[[ SUPPLIED RECORDS open ]]

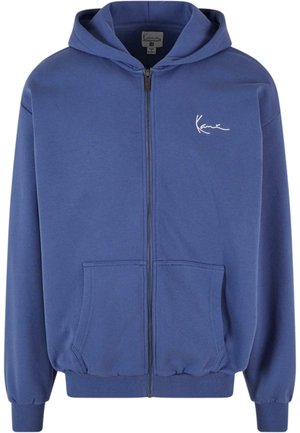 Blå zip-up hoodie lavet af blødt stof med frontlommer, ribbede manchetter og elastisk talje. Har et lille hvidt logo på brystet.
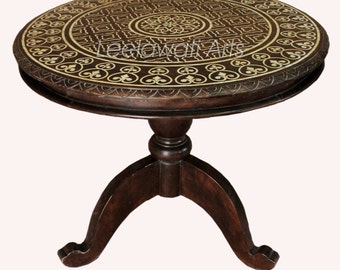 Op de afbeelding: Donkerbruine, ronde bijzettafel met ingewikkelde, lichtgekleurde inlegpatronen op het tafelblad. De tafel heeft een voetstuk met drie gebogen poten. De tekst "Leelawati Arts" is zichtbaar op het tafelblad.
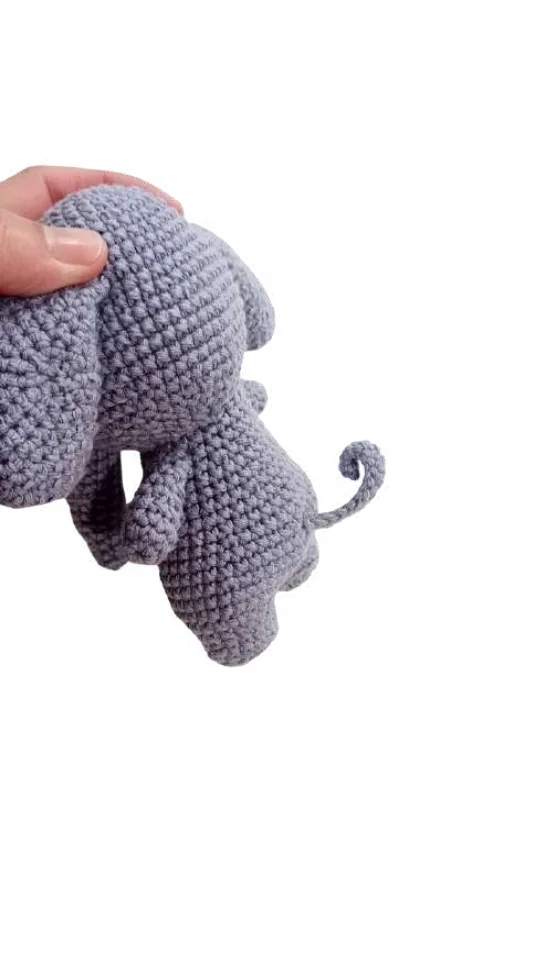 A hand holding a grey, crocheted elephant toy next to a crochet pumpkin pattern.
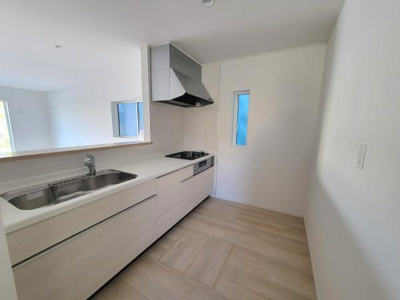 シンプルですっきりとしたデザインのキッチンです。収納スペースも豊富に備えています。明るい空間でお料理の際も快適に過ごせます。横長の窓から自然光が入る設計です。空間が広く清潔感があります。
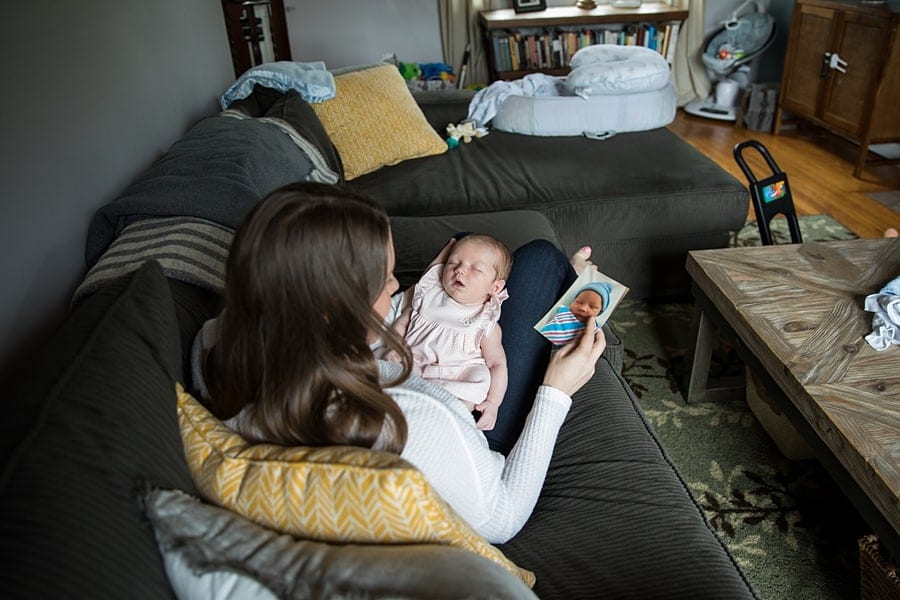 mom with newborn sitting on couch of pittsburgh home for newborn photo session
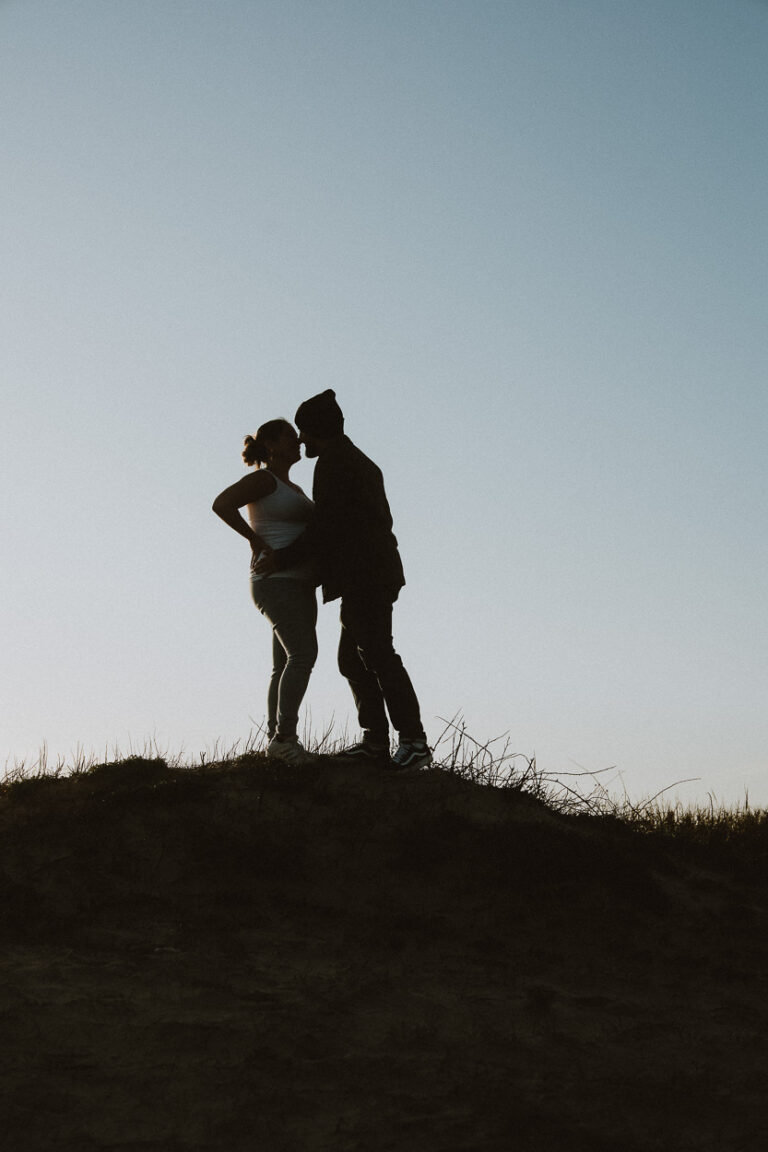 Deux êtres côte à côte, silhouette tendre sur une colline landaise au ciel limpide, signée photographe Dax.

[[ SUPPLIED RECORDS closed ]]

Leaving out the images, repeat the listing above exactly.

## [TASK RESULT]
 Blå zip-up hoodie lavet af blødt stof med frontlommer, ribbede manchetter og elastisk talje. Har et lille hvidt logo på brystet.
 Op de afbeelding: Donkerbruine, ronde bijzettafel met ingewikkelde, lichtgekleurde inlegpatronen op het tafelblad. De tafel heeft een voetstuk met drie gebogen poten. De tekst "Leelawati Arts" is zichtbaar op het tafelblad.
 A hand holding a grey, crocheted elephant toy next to a crochet pumpkin pattern.
 シンプルですっきりとしたデザインのキッチンです。収納スペースも豊富に備えています。明るい空間でお料理の際も快適に過ごせます。横長の窓から自然光が入る設計です。空間が広く清潔感があります。
 mom with newborn sitting on couch of pittsburgh home for newborn photo session
 Deux êtres côte à côte, silhouette tendre sur une colline landaise au ciel limpide, signée photographe Dax.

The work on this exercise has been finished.